Be wary of taking money from these sources:
Your retirement plan: Government workers who participate in the Thrift Savings Plan and are furloughed may take loans from their retirement savings if the furlough is expected to last 30 days or less.
You may not take the loan if your leave goes beyond that period.
Just because you can borrow from your savings, doesn’t mean you should. Once you pull money from your retirement plan, those dollars are no longer at work in the market.
Also, you’ll need to repay the money. Failure to make the appropriate repayments could result in your loan being declared a taxable distribution.
Credit cards and cash advances: Credit cards could save you in a pinch, but interest rates now exceed 17 percent. Cash advances on a credit card often come with extra charges, typically between 1 percent and 5 percent, according to MagnifyMoney.
Margin loans: If you own a brokerage account, you may be able to borrow from it. But that could be a bad idea, especially amid the recent market volatility.

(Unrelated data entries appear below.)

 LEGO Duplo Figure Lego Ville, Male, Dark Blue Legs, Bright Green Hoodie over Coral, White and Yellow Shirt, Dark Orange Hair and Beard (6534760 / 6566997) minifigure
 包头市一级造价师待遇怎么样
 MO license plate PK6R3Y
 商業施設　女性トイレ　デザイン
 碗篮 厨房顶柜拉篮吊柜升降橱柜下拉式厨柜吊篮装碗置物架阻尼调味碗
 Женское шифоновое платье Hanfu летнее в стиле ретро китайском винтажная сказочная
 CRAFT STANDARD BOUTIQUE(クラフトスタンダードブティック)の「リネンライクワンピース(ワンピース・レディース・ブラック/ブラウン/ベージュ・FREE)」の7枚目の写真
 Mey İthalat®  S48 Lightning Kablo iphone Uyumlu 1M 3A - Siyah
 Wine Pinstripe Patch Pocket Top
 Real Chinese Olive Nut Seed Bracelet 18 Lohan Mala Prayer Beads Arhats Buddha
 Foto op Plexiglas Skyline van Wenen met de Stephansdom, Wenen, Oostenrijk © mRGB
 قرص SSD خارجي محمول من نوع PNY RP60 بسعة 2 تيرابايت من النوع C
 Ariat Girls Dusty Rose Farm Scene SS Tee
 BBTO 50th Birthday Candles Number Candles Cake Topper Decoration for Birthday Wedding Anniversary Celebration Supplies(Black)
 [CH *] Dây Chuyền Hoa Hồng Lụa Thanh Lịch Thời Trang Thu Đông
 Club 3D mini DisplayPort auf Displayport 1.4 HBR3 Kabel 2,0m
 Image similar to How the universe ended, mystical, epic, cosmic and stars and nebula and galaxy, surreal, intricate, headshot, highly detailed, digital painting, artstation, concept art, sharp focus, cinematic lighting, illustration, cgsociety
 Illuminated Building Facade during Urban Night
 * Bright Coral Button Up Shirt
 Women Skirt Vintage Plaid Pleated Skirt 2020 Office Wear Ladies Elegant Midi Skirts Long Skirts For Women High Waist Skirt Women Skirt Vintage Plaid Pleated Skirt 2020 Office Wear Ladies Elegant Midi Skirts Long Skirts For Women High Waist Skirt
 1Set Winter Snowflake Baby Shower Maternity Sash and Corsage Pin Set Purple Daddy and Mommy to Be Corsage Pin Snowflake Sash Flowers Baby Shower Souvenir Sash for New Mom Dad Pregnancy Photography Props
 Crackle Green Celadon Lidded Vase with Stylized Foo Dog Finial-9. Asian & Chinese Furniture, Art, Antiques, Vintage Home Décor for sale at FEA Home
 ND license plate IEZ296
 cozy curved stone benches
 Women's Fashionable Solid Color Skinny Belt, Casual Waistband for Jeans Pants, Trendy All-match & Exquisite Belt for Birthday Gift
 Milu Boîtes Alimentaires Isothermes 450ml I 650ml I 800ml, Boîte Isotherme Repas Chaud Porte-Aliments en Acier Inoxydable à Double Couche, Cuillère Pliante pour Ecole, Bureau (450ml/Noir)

The problem is that your brokerage firm will require you to keep a minimum balance in your account when you borrow against your investments. If the market declines sharply, your account balance could fall below the required minimum.
In that case, your brokerage firm will make a margin call and you could have less than 24 hours to deposit cash into your account or else your firm will sell your assets.
“This would exacerbate your problem because you’d have to come up with the capital for the margin call,” said Beatty.